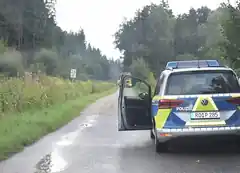 Mit dem Auto in Richtung Gleise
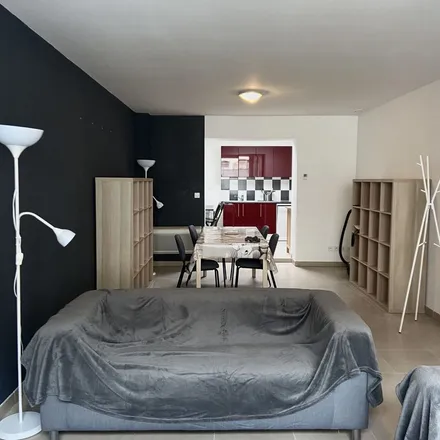 Rent this 3 bed apartment on 8 Rue Henri Ghesquière in 59170 Croix, France
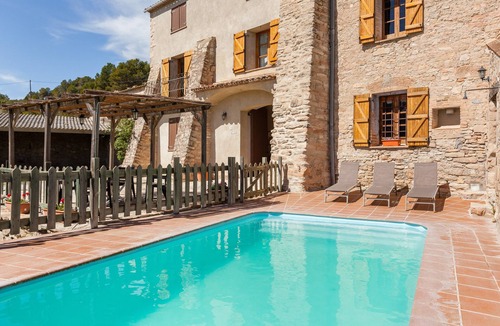 Sant Marti de Tous House | Vacation Home "El Mas De Tous" with Mountain View, Private Pool and Wi-Fi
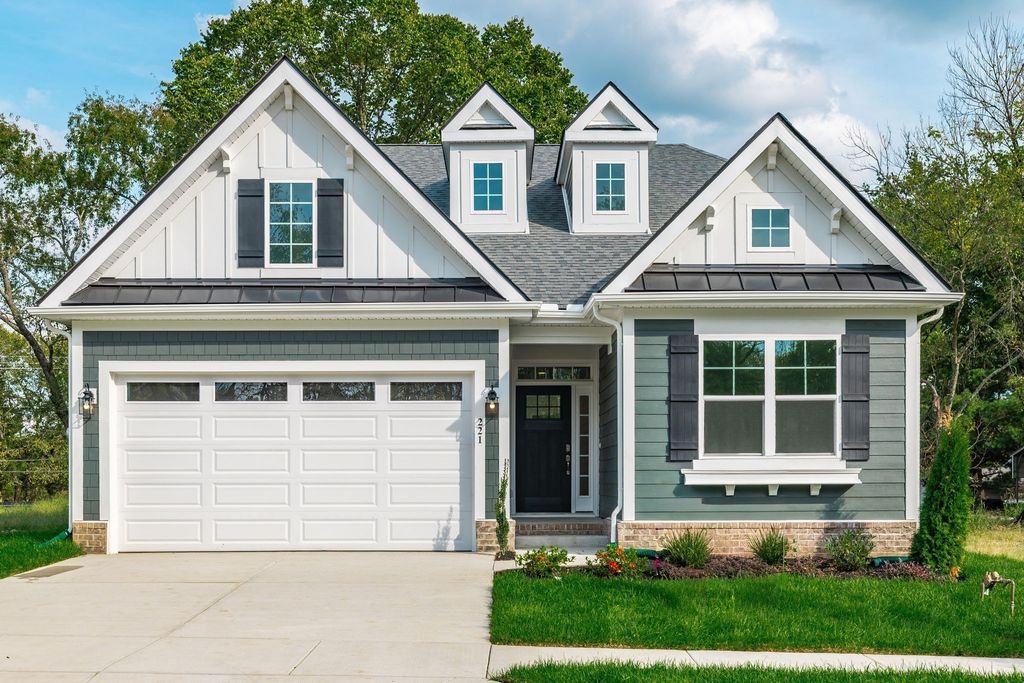 221 Crown Gardens Ct, Hermitage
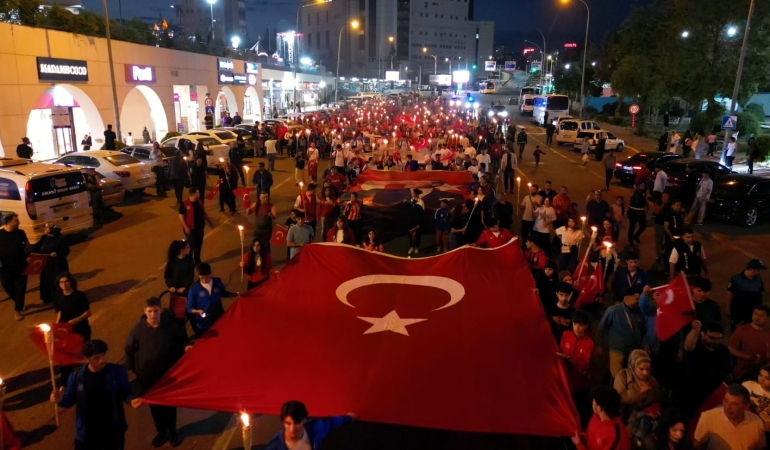 ŞANLIURFA’DA 19 MAYIS COŞKUSU: FENER ALAYI YÜRÜYÜŞÜNE YOĞUN KATILIM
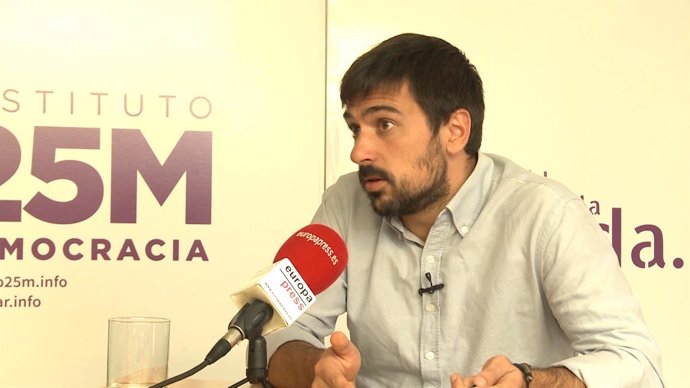 Espinar no cree que Ayuntamiento deba "cumplir" con Podemos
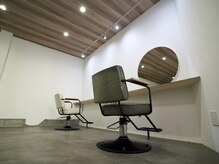 コキリ(kokiri)の雰囲気(1階は広々空間♪)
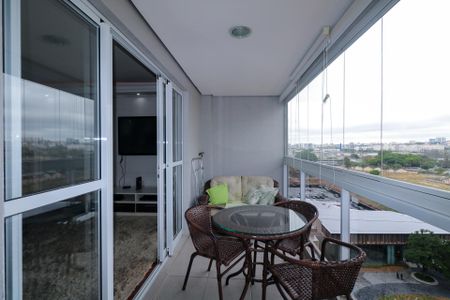 Apartamento à venda com 118m², 3 quartos e 2 vagasVaranda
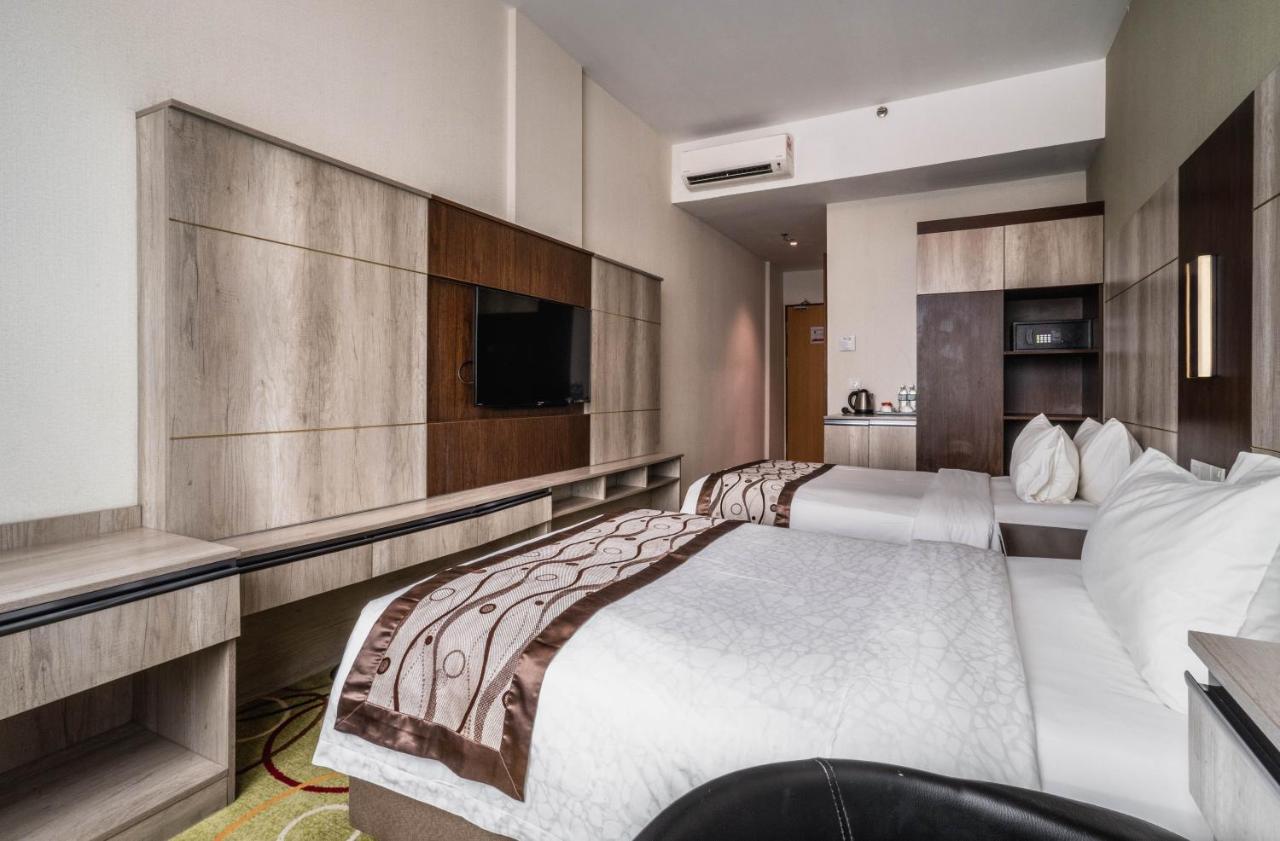 Ano Hotel Miri Εξωτερικό φωτογραφία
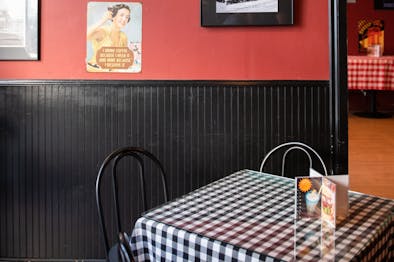 Retro Restaurant And Lounge feature image
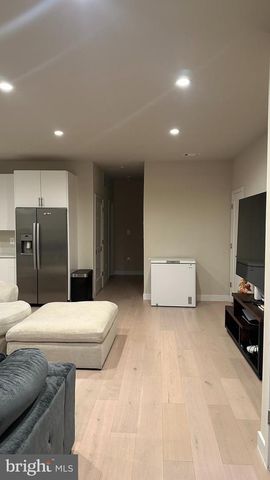 235 VALLEY AVE SE, Washington, DC 20032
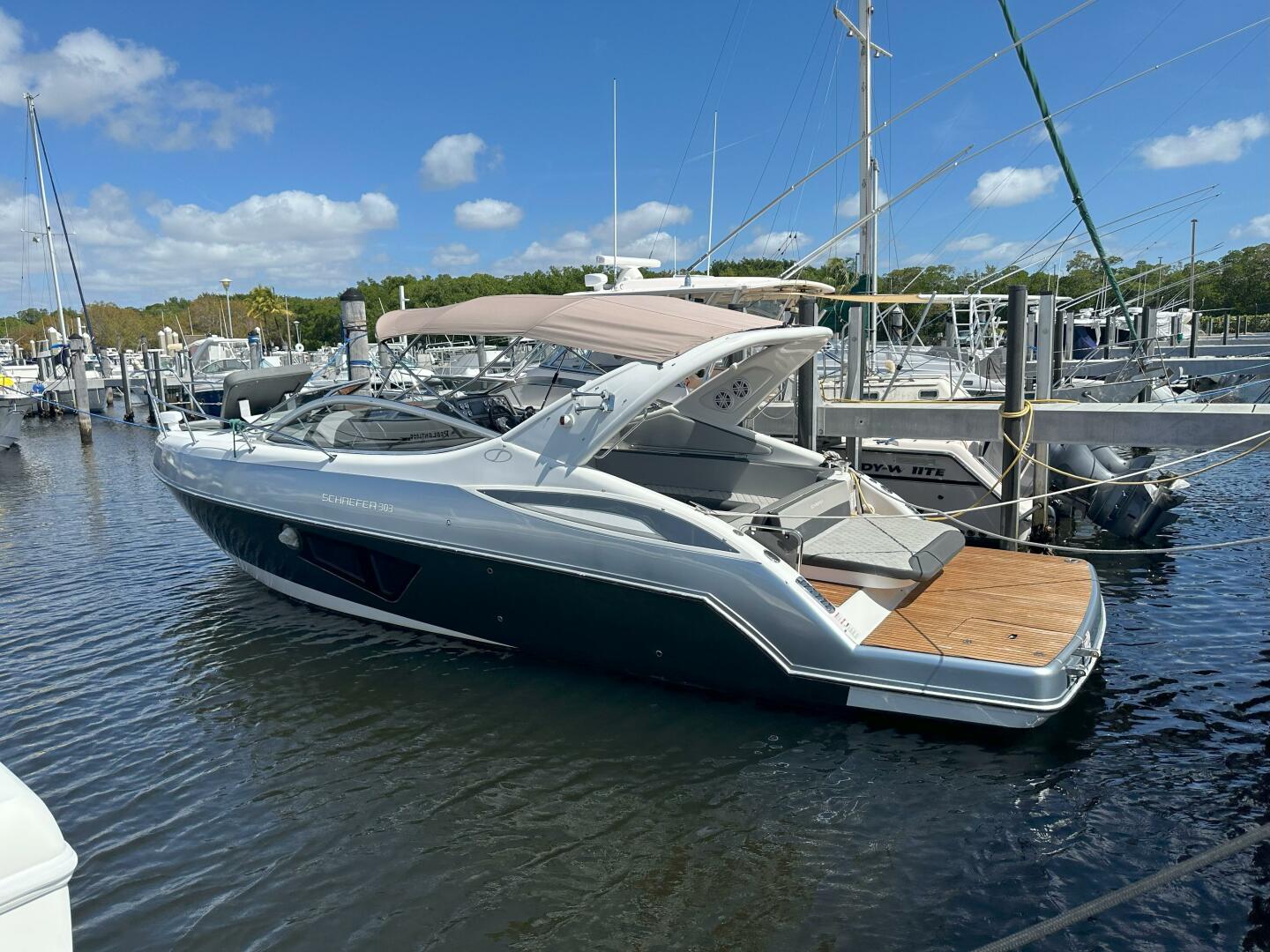 Slide: The Image of 2019 32' Schaefer 303 - Profile on the water 2019 32' Schaefer 303 - 3771074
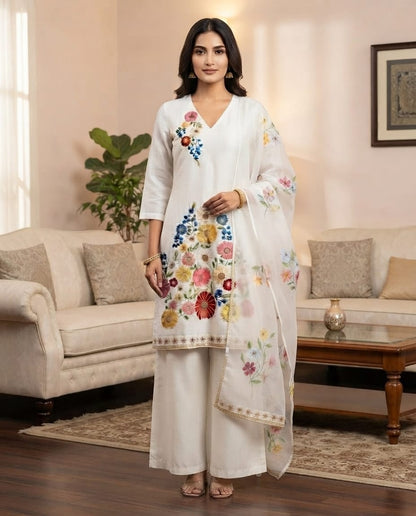 Women’s Off-white crepe kurta set with hand painted chiffon dupatta in S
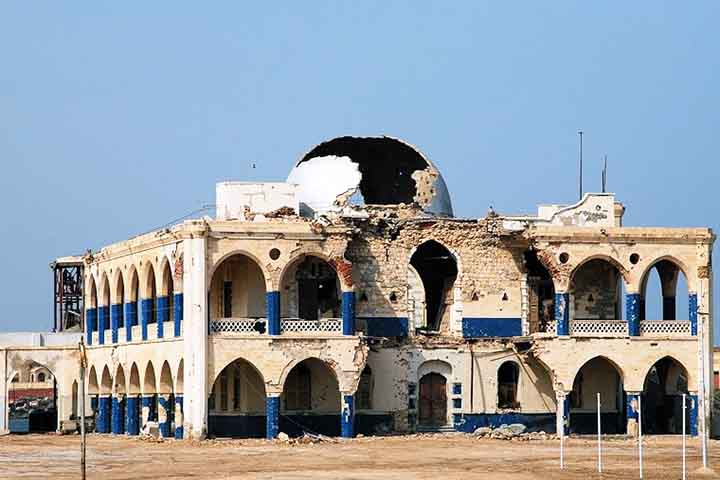 O governo eritreus implementou esforços graduais para restaurar edifícios icônicos, como o Palácio Imperial, na tentativa de preservar a identidade visual única do porto milenar.  Ainda hoje, vestígios do período da Guerra de Independência são visíveis em edifícios marcados pela guerra, o que confere à cidade um caráter ao mesmo tempo resiliente e melancólico.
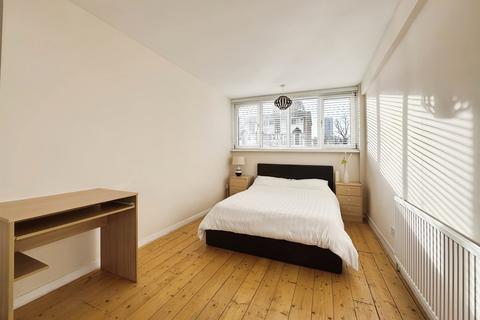 15 Trinity Gardens, London, E16 4QD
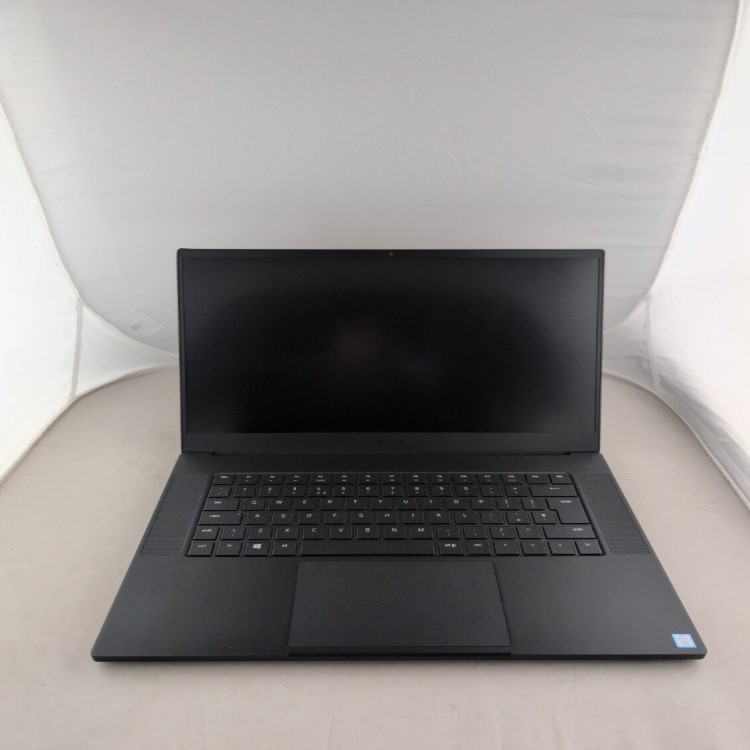 Refurbished Razer Blade RZ09-02386W92 Core i7-8750H 16GB RAM 512GB SSD GTX 1070 15.6 Inch Windows 11 Home Gaming Laptop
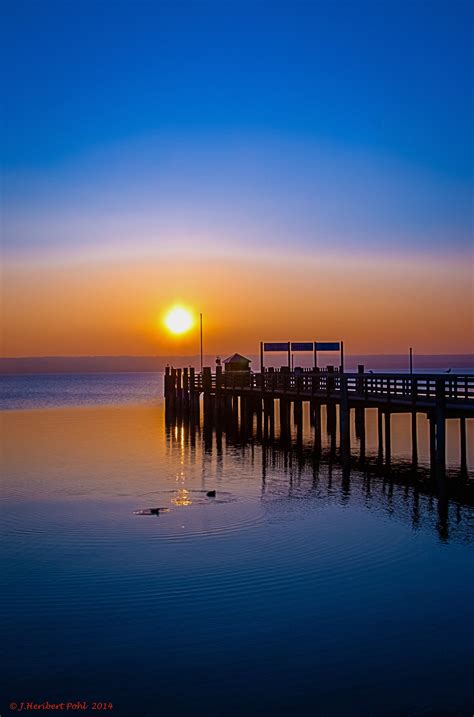 Photo Of A Brown Dock During Sunset Herrsching Ammersee Hd Wallpaper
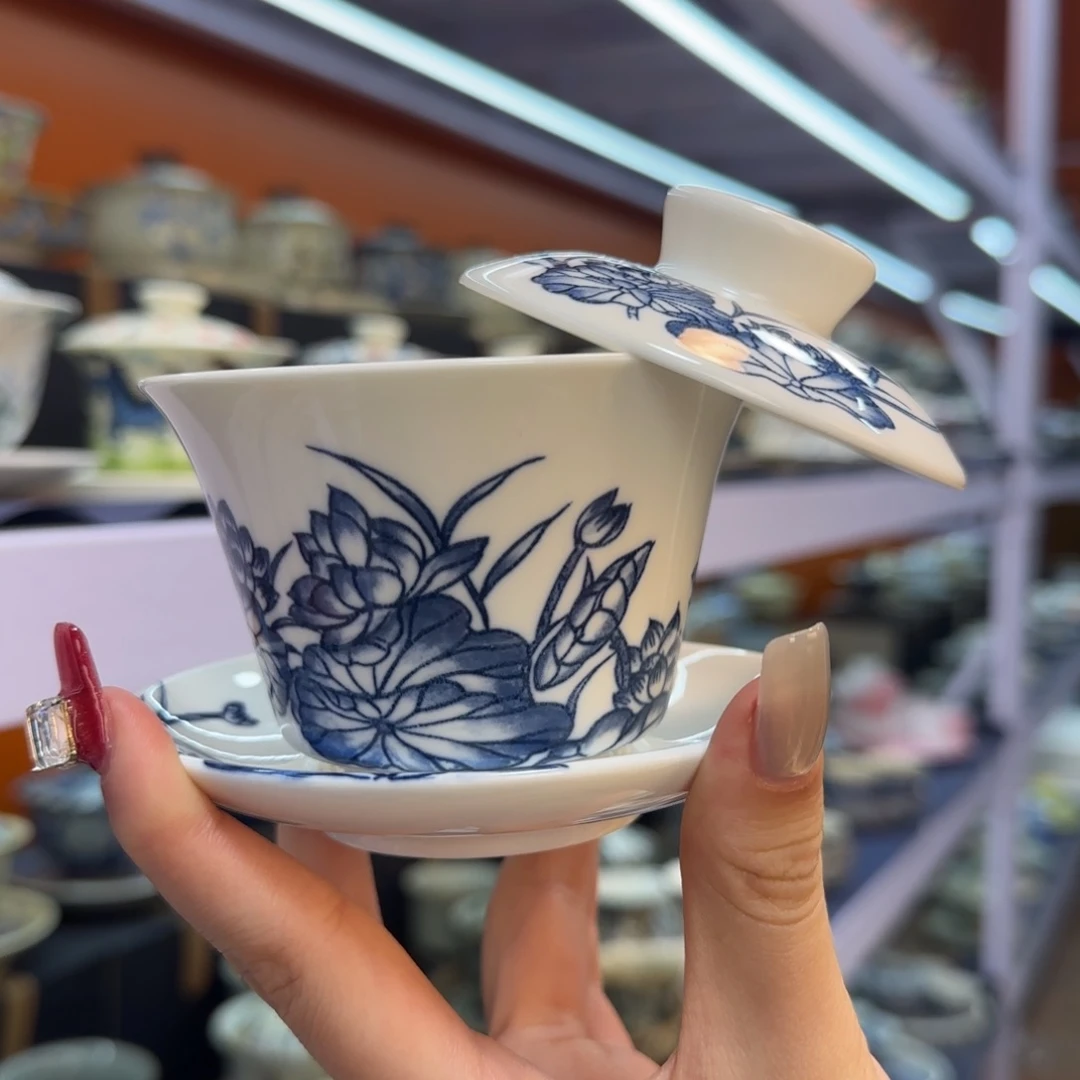 我在外面吃饭呢你在哪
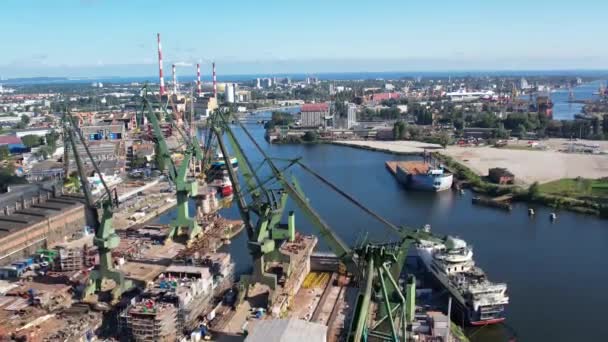 Shipyard Cranes Aerial View Establishing Shot Shipyard Baltic Sea Gdansk — Stock Video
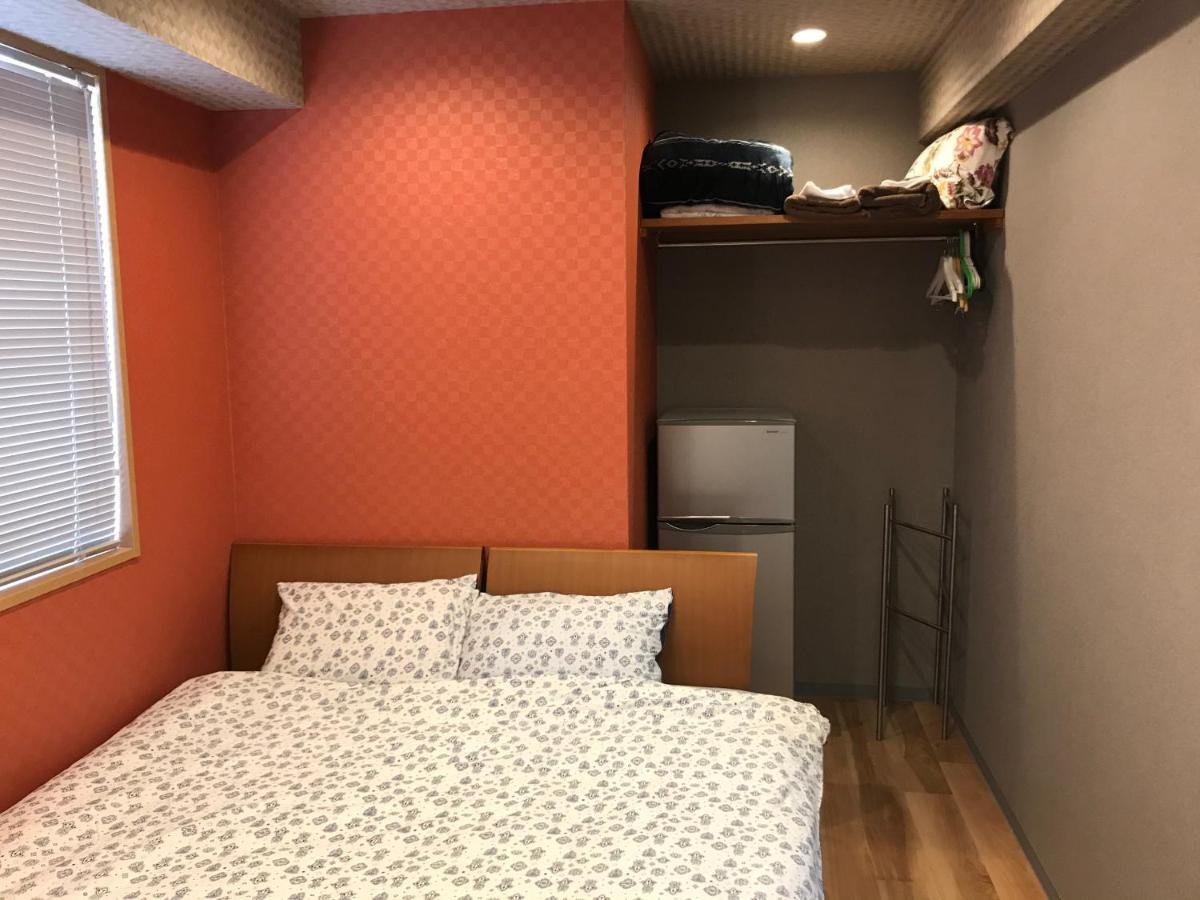 Career Cooporation Hotel Osaka Exterior photo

---*---

Task directions
Everything above from the line containing "Retro Restaurant And Lounge feature image" down to the line containing "Women’s Off-white crepe" is to be duplicated exactly, both lines included, and the pictures are to be omitted.

Answer to this problem
 Retro Restaurant And Lounge feature image
 235 VALLEY AVE SE, Washington, DC 20032
 Slide: The Image of 2019 32' Schaefer 303 - Profile on the water 2019 32' Schaefer 303 - 3771074
 Women’s Off-white crepe kurta set with hand painted chiffon dupatta in S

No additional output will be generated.